(YOUR TASK): Transcribe the records below exactly as written, from the opening line through the line that contains "Located at 3900".

(Stored data entries):
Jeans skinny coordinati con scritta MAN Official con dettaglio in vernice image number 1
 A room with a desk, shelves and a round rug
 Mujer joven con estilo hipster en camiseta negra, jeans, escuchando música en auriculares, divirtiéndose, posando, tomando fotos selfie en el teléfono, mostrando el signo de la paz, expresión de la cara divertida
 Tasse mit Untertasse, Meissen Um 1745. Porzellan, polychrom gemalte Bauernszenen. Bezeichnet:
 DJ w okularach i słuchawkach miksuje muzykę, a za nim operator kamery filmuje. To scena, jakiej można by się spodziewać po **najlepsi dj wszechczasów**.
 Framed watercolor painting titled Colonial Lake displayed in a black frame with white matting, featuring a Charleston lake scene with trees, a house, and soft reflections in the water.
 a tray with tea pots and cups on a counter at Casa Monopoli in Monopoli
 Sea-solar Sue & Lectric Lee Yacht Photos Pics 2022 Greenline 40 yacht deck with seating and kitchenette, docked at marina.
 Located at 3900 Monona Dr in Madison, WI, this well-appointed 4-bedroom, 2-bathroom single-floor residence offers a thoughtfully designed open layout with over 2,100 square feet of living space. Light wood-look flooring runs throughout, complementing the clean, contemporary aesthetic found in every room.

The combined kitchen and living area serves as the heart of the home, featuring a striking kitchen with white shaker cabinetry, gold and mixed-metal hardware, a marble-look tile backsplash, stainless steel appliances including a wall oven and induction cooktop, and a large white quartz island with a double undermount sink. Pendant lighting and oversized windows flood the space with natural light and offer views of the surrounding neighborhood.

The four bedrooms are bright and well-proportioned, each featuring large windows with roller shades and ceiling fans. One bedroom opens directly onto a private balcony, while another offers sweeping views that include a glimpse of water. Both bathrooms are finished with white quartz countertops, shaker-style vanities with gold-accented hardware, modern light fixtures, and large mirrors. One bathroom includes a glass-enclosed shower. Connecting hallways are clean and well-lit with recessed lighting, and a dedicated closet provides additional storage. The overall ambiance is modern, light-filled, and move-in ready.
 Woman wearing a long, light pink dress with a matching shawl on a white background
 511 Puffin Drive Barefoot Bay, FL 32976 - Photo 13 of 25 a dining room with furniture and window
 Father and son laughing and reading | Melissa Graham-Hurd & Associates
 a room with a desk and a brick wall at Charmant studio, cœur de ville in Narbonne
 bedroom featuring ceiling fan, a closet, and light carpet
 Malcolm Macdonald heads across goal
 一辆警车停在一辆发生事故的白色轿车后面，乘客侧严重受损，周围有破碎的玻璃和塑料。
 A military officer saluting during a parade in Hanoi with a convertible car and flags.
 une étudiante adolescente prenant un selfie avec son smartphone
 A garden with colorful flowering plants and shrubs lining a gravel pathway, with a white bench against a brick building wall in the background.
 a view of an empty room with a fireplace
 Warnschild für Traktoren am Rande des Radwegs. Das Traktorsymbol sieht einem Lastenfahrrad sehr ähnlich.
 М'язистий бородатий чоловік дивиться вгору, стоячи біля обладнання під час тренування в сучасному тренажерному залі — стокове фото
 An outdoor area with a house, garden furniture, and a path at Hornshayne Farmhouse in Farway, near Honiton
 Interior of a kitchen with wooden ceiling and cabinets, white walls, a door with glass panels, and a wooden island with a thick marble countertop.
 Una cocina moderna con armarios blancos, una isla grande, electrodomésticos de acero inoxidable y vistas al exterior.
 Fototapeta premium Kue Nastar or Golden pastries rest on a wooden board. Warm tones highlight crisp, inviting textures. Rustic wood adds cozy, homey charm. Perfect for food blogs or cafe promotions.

(WRITTEN ANSWER):
Jeans skinny coordinati con scritta MAN Official con dettaglio in vernice image number 1
 A room with a desk, shelves and a round rug
 Mujer joven con estilo hipster en camiseta negra, jeans, escuchando música en auriculares, divirtiéndose, posando, tomando fotos selfie en el teléfono, mostrando el signo de la paz, expresión de la cara divertida
 Tasse mit Untertasse, Meissen Um 1745. Porzellan, polychrom gemalte Bauernszenen. Bezeichnet:
 DJ w okularach i słuchawkach miksuje muzykę, a za nim operator kamery filmuje. To scena, jakiej można by się spodziewać po **najlepsi dj wszechczasów**.
 Framed watercolor painting titled Colonial Lake displayed in a black frame with white matting, featuring a Charleston lake scene with trees, a house, and soft reflections in the water.
 a tray with tea pots and cups on a counter at Casa Monopoli in Monopoli
 Sea-solar Sue & Lectric Lee Yacht Photos Pics 2022 Greenline 40 yacht deck with seating and kitchenette, docked at marina.
 Located at 3900 Monona Dr in Madison, WI, this well-appointed 4-bedroom, 2-bathroom single-floor residence offers a thoughtfully designed open layout with over 2,100 square feet of living space. Light wood-look flooring runs throughout, complementing the clean, contemporary aesthetic found in every room.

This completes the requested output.